__The data__:
──────────

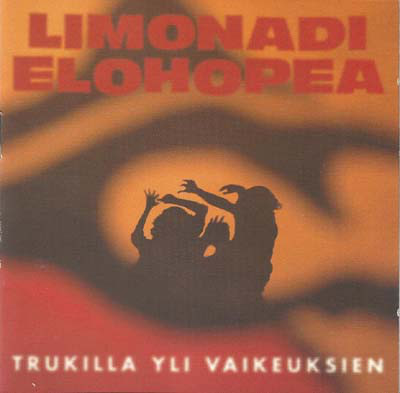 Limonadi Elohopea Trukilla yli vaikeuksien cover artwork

──────────

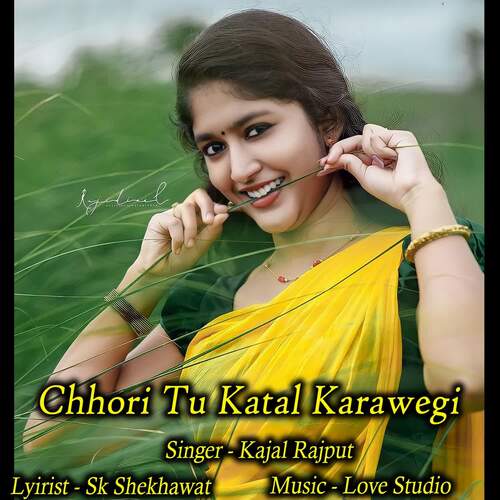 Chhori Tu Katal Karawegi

──────────

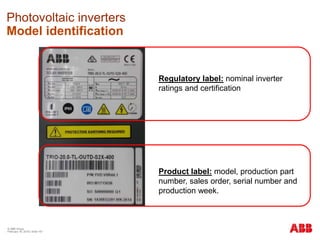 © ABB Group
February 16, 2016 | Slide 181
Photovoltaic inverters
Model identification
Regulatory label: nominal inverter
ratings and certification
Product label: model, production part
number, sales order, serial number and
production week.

──────────

__What you will do__: Look above for the line holding "Photovoltaic inverters", then set down exactly that line and every line after it up to and including the line holding "production week.", with nothing else.

__Response to this task__:
Photovoltaic inverters
Model identification
Regulatory label: nominal inverter
ratings and certification
Product label: model, production part
number, sales order, serial number and
production week.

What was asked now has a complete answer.